Extract all lines in the data that contain the word "Vest".

◆ DATA PROVIDED:

********

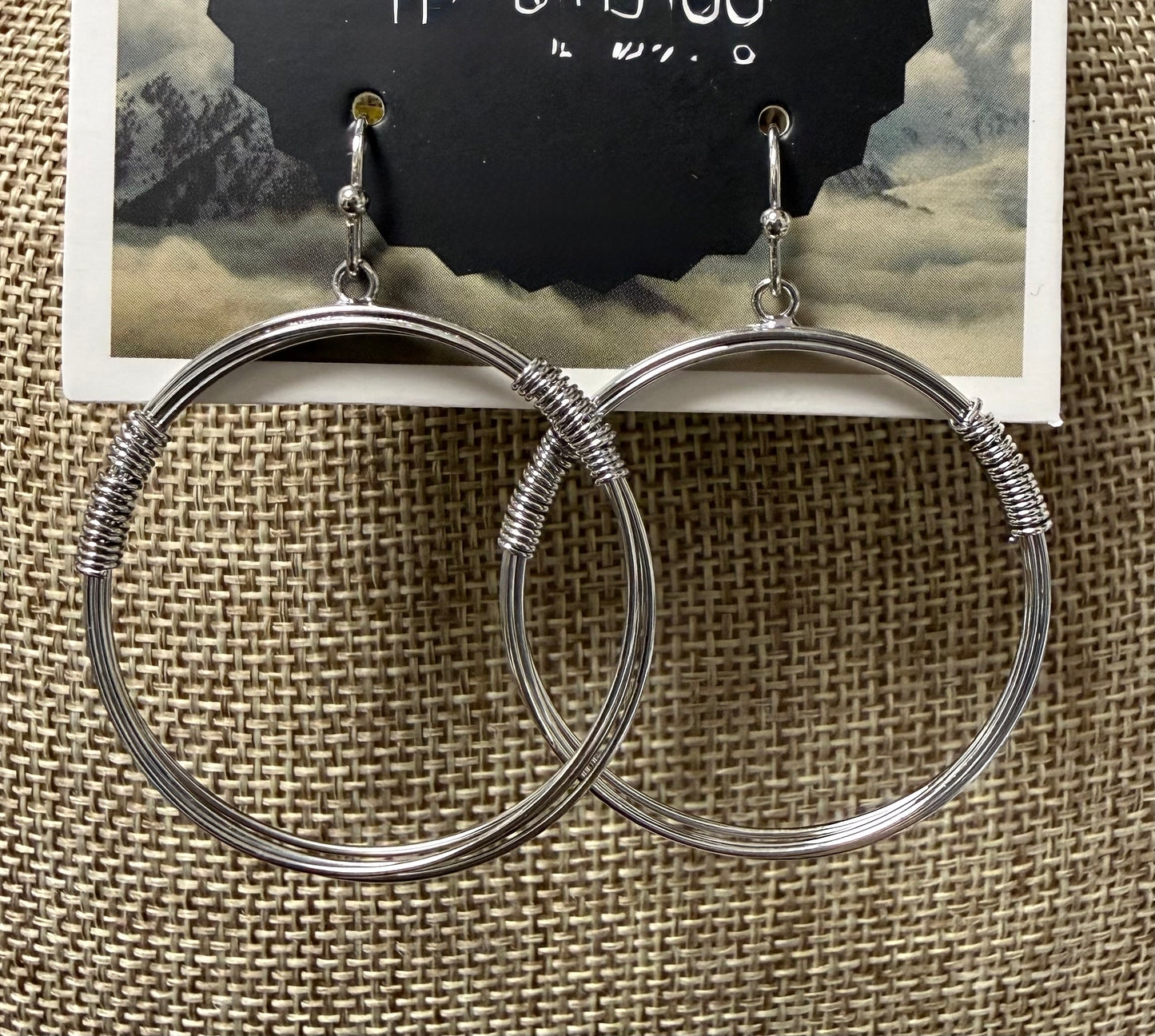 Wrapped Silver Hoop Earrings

********

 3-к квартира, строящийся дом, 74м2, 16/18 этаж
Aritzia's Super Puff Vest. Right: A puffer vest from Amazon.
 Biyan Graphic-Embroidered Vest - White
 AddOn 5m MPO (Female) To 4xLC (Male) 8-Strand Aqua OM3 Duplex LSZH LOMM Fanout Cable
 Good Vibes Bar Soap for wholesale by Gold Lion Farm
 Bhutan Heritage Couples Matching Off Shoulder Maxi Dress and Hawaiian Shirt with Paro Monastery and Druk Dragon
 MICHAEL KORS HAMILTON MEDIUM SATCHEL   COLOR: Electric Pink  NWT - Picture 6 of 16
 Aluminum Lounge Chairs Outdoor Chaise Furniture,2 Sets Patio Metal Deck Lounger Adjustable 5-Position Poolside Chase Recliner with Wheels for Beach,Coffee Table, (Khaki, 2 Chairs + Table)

********

◆ RESULT BELOW:
Aritzia's Super Puff Vest. Right: A puffer vest from Amazon.
 Biyan Graphic-Embroidered Vest - White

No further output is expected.